After reading the “Beating C with X lines of Y” 1 last year I immediately thought about trying this in my go-to language: Java. Now you might ask: “Java? Isn’t Java known to have a slow startup and heavy memory footprint?” But let’s see how Java performs - especially with its latest incarnation GraalVM.
Benchmarking
I will be using GNU time for the time and memory comparison (same as the Go version):
$ /usr/bin/time -f "%es %MKB" wc lorem_ipsum.txt
17023 782992 4830478 lorem_ipsum.txt
0.05s 2064KB
All results are from runs on my Laptop:
- Intel Core i7-8550U (4 cores, 8 threads)
- 16 GB RAM
- WSL2 running Arch Linux on Windows 10 (2004)
The “standard” approach
The initial version I came up with used the obvious way in Java - reading the file using a BufferedReader
:
InputStream in = Files.newInputStream(Paths.get(fileName));
try (BufferedReader reader = new BufferedReader(new InputStreamReader())) {
...
}
Running some first tests with this code shows that it can’t compete with the native wc
:
Implementation | Input file | Time | Max memory |
---|---|---|---|
wc | 4.6MB | 0.05s | 2,064KB |
wc-br.java | 4.6MB | 0.24s | 40,188KB |
wc | 100MB | 0.43s | 2,188KB |
wc-br.java | 100MB | 1.21s | 45,036KB |
Manual buffering
So let’s try a more direct approach with manual buffering (inspired by the Go version):
class wc {
public static void main(String[] args) throws IOException {
int lineCount = 0, wordCount = 0, charCount = 0, count;
char[] cbuf = new char[16 * 1024];
InputStream is = args.length == 0 ? System.in : Files.newInputStream(Paths.get(args[0]));
try (Reader reader = new InputStreamReader(is)) {
boolean prevWhitespace = true;
while ((count = reader.read(cbuf)) >= 0) {
for (int i = 0; i < count; i++) {
char charVal = cbuf[i];
charCount++;
if (charVal == '\n') {
lineCount++;
prevWhitespace = true;
} else if (isWhitespace(charVal)) {
prevWhitespace = true;
} else if (prevWhitespace) {
wordCount++;
prevWhitespace = false;
}
}
}
}
// printing
}
}
(full code on GitHub - 33 lines of code according to tokei)
Let’s try this version:
Implementation | Input file | Time | Max memory |
---|---|---|---|
wc | 4.6MB | 0.05s | 2,064KB |
wc.java | 4.6MB | 0.18s | 39,844KB |
wc | 100MB | 0.43s | 2,188KB |
wc.java | 100MB | 0.46s | 42,840KB |
Looking a lot better for big files (almost the same time) but still not that good for small ones. And the used memory is more than an order of magnitude higher: ~40MB vs 2MB.
Enter GraalVM
GraalVM is a new ecosystem and platform for running Java and other programming languages (like JavaScript, Ruby or Python). One of main benefits for Java programs is to compile them to a native executable which reduces startup-time and memory usage.

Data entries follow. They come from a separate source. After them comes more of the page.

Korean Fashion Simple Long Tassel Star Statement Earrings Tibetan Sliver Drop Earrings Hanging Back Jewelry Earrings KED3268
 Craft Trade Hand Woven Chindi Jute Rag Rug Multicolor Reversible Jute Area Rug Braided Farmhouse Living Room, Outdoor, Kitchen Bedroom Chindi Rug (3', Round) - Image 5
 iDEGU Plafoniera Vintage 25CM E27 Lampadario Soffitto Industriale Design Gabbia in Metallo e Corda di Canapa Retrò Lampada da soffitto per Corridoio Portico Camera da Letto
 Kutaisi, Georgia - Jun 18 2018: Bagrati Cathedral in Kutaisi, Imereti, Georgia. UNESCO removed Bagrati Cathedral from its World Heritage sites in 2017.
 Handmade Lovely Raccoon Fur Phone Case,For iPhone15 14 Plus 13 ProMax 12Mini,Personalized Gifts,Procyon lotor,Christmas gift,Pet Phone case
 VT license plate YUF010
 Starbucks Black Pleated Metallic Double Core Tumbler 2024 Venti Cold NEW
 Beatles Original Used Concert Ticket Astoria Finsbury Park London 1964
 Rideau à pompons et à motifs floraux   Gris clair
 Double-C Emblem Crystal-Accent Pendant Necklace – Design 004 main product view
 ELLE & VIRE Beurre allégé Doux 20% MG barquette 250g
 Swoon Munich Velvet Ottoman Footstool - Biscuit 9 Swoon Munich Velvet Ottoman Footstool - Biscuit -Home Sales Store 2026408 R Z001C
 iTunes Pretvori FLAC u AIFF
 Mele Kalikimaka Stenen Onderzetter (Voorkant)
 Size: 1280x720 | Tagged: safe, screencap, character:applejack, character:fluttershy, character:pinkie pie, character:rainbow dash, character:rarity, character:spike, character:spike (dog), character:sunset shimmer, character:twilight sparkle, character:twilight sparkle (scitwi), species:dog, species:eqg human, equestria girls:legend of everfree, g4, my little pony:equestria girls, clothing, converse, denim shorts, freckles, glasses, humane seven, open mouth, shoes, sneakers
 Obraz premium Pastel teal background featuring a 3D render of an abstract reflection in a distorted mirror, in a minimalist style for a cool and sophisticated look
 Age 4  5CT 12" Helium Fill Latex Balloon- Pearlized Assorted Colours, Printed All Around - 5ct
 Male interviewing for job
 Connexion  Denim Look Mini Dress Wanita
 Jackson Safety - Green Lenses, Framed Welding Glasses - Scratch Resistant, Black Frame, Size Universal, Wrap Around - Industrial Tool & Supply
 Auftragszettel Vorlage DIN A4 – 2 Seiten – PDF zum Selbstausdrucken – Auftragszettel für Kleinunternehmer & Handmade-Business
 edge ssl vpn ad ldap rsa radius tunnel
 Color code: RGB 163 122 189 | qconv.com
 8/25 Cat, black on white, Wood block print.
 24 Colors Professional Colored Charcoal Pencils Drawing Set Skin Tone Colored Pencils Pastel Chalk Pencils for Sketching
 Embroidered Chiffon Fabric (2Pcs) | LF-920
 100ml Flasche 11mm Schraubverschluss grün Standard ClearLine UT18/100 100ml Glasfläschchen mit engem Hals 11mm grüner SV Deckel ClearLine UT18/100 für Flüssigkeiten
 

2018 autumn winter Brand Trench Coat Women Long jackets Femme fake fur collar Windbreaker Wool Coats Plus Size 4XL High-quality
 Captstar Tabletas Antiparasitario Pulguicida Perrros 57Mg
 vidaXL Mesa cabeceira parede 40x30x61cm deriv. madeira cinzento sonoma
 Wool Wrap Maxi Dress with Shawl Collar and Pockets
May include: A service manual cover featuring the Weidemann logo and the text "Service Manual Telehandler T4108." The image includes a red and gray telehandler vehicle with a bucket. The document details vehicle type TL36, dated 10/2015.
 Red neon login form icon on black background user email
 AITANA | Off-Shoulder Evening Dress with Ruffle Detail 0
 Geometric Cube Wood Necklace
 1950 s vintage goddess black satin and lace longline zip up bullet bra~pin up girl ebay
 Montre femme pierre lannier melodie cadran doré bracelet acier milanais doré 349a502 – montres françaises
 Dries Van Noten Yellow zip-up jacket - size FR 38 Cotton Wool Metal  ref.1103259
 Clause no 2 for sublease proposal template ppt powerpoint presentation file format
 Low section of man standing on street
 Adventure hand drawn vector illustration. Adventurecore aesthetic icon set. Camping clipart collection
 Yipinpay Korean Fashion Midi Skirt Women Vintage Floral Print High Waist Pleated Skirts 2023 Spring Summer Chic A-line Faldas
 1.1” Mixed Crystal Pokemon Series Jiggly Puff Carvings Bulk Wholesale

Let’s give it a try - after installing GraalVM and native-image simply compile the Java class to a native binary with:
javac wc.java && native-image wc
which results in a native binary wc
(or wc.exe
) for your platform (currently cross-compilation is not supported).
When running the same code above with the native binary there are major improvements - here are the results plus a test with a 1GB file:
Implementation | Input file | Time | Max memory |
---|---|---|---|
wc | 4.6MB | 0.05s | 2,064KB |
wc.java (native) | 4.6MB | 0.03s | 7,172KB |
wc | 100MB | 0.43s | 2,188KB |
wc.java (native) | 100MB | 0.39s | 7,524KB |
wc | 1GB | 4.20s | 2,120KB |
wc.java (native) | 1GB | 3.57s | 10,968KB |
Memory usage is down to 7MB for file up to 100 MB and we now easily beat the time of the C implementation. Still, the memory consumption is 3-5 time higher than the “real” native program.
Summary
Java has come a long way - from Applets to enterprise server application and now microservices. Because of the J2EE/enterprise era it is known for heavy memory usage and slow startup times but in recent years Java has changed and adapted to the cloud native boom. With GraalVM and native images Java can now even compete with system languages like C, Go or Rust. With native image Java is now also a viable solution for building CLIs.